It is difficult to avoid the implication that the College of the Six Days Work is a veiled account of an actual secret society-- an island of learned men in a sea of ignorance. As we continue to explore the text it also becomes apparent that the Royal Society of London was dedicated to the same purposes as Solomon's House on the island of Bensalem where dwelt the "sons of peace."

In 1662, John Heydon, generally listed among seventeenth century writers on Rosicrucianism, published an extensive and curious work called The Holy Guide . He prefaces this book with an almost verbatim reprint of Bacon's New Atlantis, but does not credit the original author. Heydon inserts direct references to the Rosicrucians at appropriate points in the original text, wishing to convery the impression that the masters of Solomon's House were Rosicrucian adepts. In the same volume Heydon describes the Rosicrucians as a divine society inhabitating the suburbs of heaven and officers of the Generalissimo of the World. As it is inconceivable that the identity of the true author would not be known to most of his readers, it can only be assumed that Heydon's purpose was to tie Bacon's fable directly with the Fraternity of the Rosy Cross. He must also hve known of the supplement by R. H. Esquire, but he makes no reference to it. Not only these publications but many others, of slightly earlier date, present the concept of a secret empire of the learned--its domains extending beyond all national boundaries actually existed and were in great measure responsible for a new awakening of social consciousness.

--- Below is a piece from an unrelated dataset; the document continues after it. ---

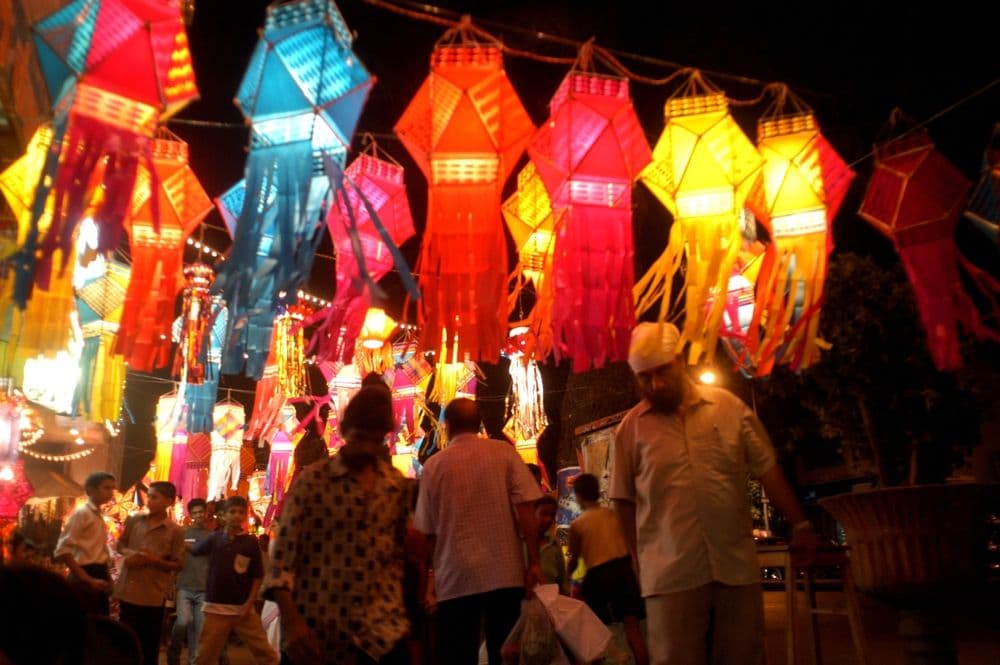 Colorful kandeels (decorative lanterns) displayed at shops in Dadar Market ahead of Diwali celebrations in Mumbai, India.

R.H. Esquire in what he calls his "novel" describes a new kind of peerage by which the people of Bensalem, if truly qualified, were elevated and duly honored. They were given economic advantage for their contributions to the common good but wore certain insignia considered more valuable than any temporal distinctions.

Sir Edwin Durning-Lawrence, in his most intriguing book, Bacon is Shakespeare, devotes some attention to R.H.Esquire and what he calls "a solid kind of heraldry." Durning-Lawrence feels that the heraldic devices referred to are found on the title pages and frontispieces of books which may be characterized broadly as Baconian works. Examples of them can be found extending from the Elizabethan period almost up to the present date. Durning-Lawrence then reproduces the title-page of Bacon's History of Henry VII, printed in Holland in 1642, which shows a female figure holding in her right hand the great Salt, which in R. H. Esquire's list stands for wisdom.


(color added)

Emblematic frontispiece of the 1642 edition of Bacon's history of the Reign of King Henry VII. The figure of fame or fate is shown holding aloft the Great Salt. This is an example of the reference to "a solid kind of heraldry," described by R. H. Esquire where wisdom is represented by a male figure holding a Salt. Fame is winged and stands upon a globe (the Goble Theatre?) turning a wheel ornamented with various symbols, including hats, coronets, and the imperial crown. The title of the book is displayed on a theatre curtain.


R.H.Esquire adds that similar heraldic symbols of pre-eminence are assigned to the degrees for the clergy but he does not detail them. Through such distinctions young persons are encouraged to advance in learning and thus gain proper preferences and dignities. No one is advanced by money or favor but by eminent deserts. It is understandable that King Charles would not give wholehearted approval to such a concept of peerage and the author hoped to soften the blow by his elaborate dedication.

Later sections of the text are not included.